What the exercise asks:
All of the data below should be set down again verbatim, without any images.

Supplied material:
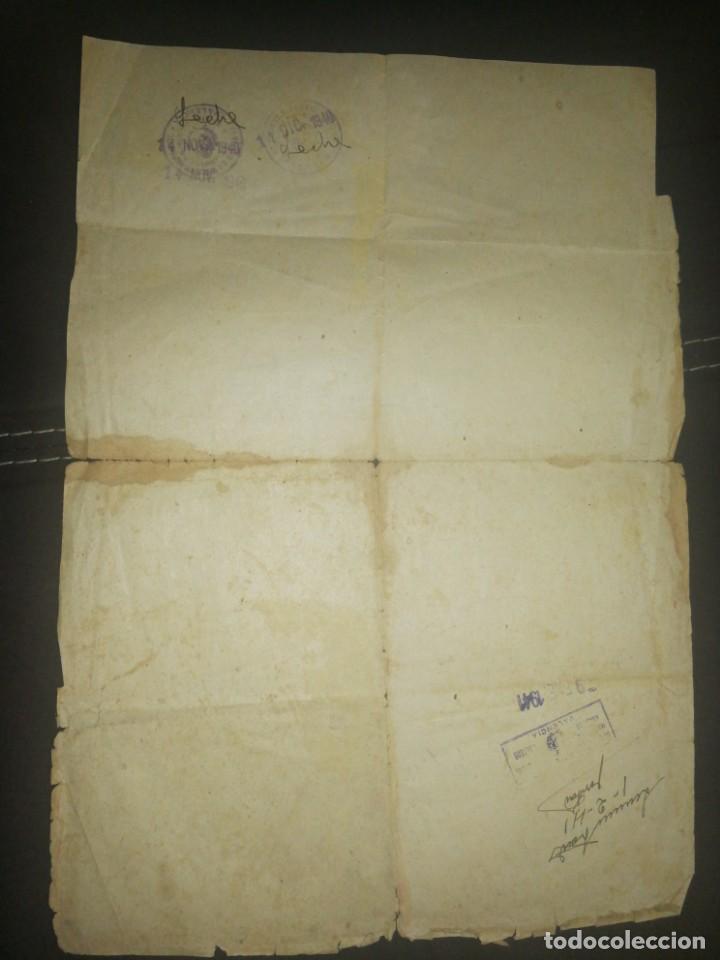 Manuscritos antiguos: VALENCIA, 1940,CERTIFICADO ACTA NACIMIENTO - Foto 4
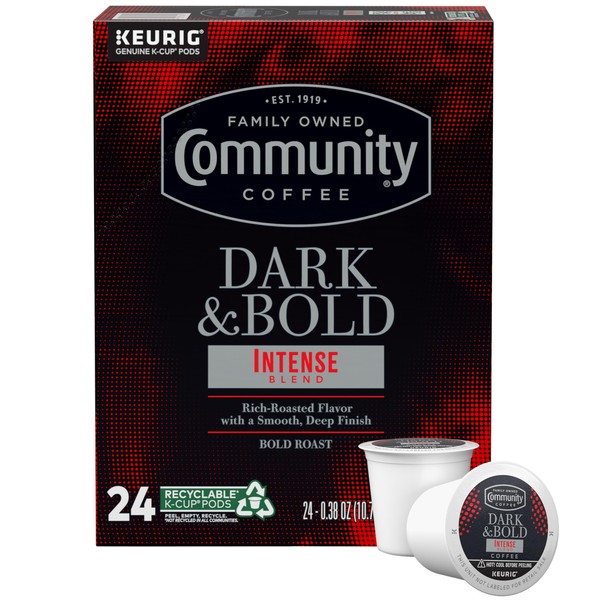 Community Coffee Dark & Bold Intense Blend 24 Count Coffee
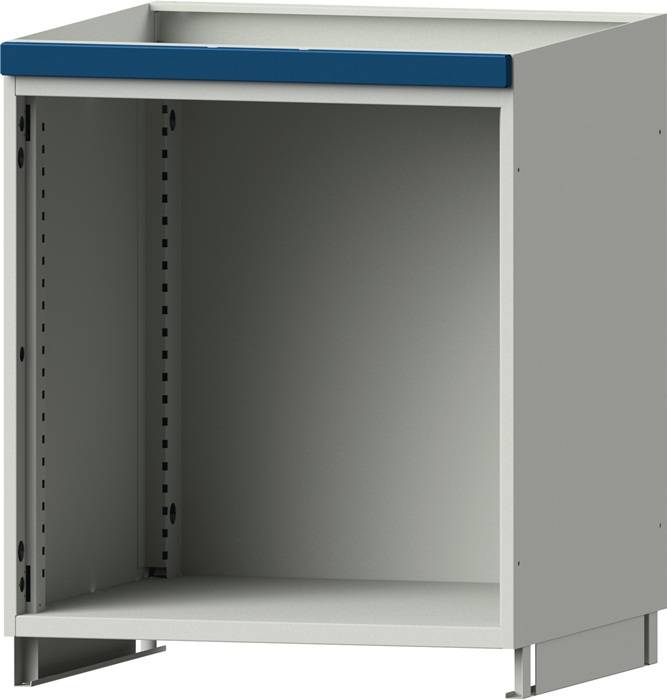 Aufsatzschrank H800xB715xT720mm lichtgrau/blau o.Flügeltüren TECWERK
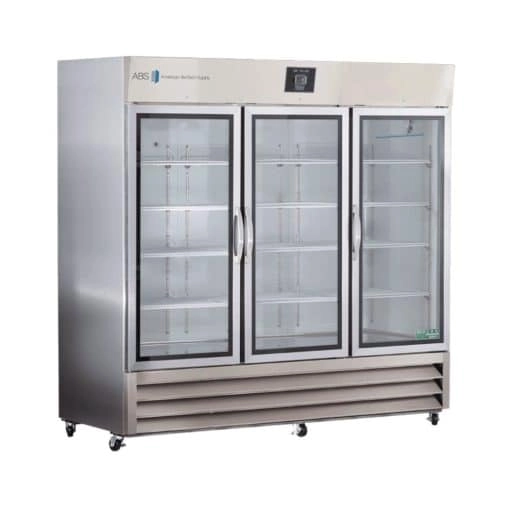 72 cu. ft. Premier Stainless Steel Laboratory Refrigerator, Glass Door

Task result:
 Manuscritos antiguos: VALENCIA, 1940,CERTIFICADO ACTA NACIMIENTO - Foto 4
 Community Coffee Dark & Bold Intense Blend 24 Count Coffee
 Aufsatzschrank H800xB715xT720mm lichtgrau/blau o.Flügeltüren TECWERK
 72 cu. ft. Premier Stainless Steel Laboratory Refrigerator, Glass Door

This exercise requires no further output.